===== Records for the exercise =====

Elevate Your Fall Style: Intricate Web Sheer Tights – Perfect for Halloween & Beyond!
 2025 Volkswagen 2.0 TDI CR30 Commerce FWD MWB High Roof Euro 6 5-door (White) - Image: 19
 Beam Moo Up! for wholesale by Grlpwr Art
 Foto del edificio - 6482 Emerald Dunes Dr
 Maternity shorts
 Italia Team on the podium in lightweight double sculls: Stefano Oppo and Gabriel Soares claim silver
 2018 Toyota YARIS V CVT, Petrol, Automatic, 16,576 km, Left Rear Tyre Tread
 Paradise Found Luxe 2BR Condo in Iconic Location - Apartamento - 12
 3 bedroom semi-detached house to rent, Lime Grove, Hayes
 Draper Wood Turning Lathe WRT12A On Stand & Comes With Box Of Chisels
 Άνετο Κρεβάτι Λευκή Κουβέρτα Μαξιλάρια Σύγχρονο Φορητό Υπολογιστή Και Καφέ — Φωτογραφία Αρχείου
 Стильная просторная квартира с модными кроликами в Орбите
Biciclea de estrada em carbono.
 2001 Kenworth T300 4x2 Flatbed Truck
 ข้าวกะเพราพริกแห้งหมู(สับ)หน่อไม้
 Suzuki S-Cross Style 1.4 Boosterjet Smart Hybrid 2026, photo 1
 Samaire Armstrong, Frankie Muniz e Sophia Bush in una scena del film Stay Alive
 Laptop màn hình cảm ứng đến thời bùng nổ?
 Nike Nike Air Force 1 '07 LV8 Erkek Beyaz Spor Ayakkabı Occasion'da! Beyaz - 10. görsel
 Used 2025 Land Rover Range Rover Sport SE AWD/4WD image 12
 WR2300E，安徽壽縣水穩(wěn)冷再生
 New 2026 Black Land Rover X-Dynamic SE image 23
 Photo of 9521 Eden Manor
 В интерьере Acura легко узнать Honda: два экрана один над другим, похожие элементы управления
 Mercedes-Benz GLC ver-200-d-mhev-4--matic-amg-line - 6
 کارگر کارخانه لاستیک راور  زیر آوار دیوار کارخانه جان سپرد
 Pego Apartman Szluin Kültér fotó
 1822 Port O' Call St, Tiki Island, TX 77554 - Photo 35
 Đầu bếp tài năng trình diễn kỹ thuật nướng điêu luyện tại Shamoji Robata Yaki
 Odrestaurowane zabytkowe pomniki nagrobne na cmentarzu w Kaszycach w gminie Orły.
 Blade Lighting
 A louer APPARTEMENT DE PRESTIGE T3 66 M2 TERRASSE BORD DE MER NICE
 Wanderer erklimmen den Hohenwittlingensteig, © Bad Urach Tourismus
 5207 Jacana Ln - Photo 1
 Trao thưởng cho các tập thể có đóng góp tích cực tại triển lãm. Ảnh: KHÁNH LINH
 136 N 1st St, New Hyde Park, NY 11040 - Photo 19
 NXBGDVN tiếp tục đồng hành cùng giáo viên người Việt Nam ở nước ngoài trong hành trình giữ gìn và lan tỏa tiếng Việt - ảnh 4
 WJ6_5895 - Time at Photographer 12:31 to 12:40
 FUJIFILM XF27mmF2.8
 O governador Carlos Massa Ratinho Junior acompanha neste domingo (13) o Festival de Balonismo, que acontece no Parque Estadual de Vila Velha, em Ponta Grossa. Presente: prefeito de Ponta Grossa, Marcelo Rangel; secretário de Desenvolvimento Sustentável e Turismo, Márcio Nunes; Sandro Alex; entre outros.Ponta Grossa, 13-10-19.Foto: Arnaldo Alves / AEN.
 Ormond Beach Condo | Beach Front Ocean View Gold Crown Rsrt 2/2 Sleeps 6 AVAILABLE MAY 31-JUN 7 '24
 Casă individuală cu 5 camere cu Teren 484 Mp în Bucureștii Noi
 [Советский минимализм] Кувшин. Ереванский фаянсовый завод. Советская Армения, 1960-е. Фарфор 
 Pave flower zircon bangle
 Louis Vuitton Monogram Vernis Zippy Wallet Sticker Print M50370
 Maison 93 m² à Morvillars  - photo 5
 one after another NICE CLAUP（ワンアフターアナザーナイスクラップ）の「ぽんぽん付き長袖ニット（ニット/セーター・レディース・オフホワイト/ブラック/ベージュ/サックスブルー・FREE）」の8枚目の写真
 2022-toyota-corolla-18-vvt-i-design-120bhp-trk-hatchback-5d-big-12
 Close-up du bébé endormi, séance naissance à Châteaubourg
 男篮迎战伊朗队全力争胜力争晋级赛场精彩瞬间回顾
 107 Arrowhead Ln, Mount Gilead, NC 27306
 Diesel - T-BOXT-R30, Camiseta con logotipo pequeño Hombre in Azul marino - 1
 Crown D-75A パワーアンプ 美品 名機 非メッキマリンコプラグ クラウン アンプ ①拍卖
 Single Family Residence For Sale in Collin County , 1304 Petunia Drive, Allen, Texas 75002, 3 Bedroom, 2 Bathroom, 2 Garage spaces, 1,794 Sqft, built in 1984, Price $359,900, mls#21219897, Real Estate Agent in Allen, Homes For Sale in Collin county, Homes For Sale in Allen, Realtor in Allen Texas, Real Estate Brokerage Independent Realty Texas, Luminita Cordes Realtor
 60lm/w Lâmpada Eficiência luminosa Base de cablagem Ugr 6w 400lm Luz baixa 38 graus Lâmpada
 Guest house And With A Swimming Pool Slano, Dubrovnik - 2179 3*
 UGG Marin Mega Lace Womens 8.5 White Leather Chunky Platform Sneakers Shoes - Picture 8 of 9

=====

**What you should do:** Copy word for word the stretch of entries above from the line that has "В интерьере Acura" through the line that has "Maison 93 m²", both ends included, and nothing outside it.

**Problem solution:**
 В интерьере Acura легко узнать Honda: два экрана один над другим, похожие элементы управления
 Mercedes-Benz GLC ver-200-d-mhev-4--matic-amg-line - 6
 کارگر کارخانه لاستیک راور  زیر آوار دیوار کارخانه جان سپرد
 Pego Apartman Szluin Kültér fotó
 1822 Port O' Call St, Tiki Island, TX 77554 - Photo 35
 Đầu bếp tài năng trình diễn kỹ thuật nướng điêu luyện tại Shamoji Robata Yaki
 Odrestaurowane zabytkowe pomniki nagrobne na cmentarzu w Kaszycach w gminie Orły.
 Blade Lighting
 A louer APPARTEMENT DE PRESTIGE T3 66 M2 TERRASSE BORD DE MER NICE
 Wanderer erklimmen den Hohenwittlingensteig, © Bad Urach Tourismus
 5207 Jacana Ln - Photo 1
 Trao thưởng cho các tập thể có đóng góp tích cực tại triển lãm. Ảnh: KHÁNH LINH
 136 N 1st St, New Hyde Park, NY 11040 - Photo 19
 NXBGDVN tiếp tục đồng hành cùng giáo viên người Việt Nam ở nước ngoài trong hành trình giữ gìn và lan tỏa tiếng Việt - ảnh 4
 WJ6_5895 - Time at Photographer 12:31 to 12:40
 FUJIFILM XF27mmF2.8
 O governador Carlos Massa Ratinho Junior acompanha neste domingo (13) o Festival de Balonismo, que acontece no Parque Estadual de Vila Velha, em Ponta Grossa. Presente: prefeito de Ponta Grossa, Marcelo Rangel; secretário de Desenvolvimento Sustentável e Turismo, Márcio Nunes; Sandro Alex; entre outros.Ponta Grossa, 13-10-19.Foto: Arnaldo Alves / AEN.
 Ormond Beach Condo | Beach Front Ocean View Gold Crown Rsrt 2/2 Sleeps 6 AVAILABLE MAY 31-JUN 7 '24
 Casă individuală cu 5 camere cu Teren 484 Mp în Bucureștii Noi
 [Советский минимализм] Кувшин. Ереванский фаянсовый завод. Советская Армения, 1960-е. Фарфор 
 Pave flower zircon bangle
 Louis Vuitton Monogram Vernis Zippy Wallet Sticker Print M50370
 Maison 93 m² à Morvillars  - photo 5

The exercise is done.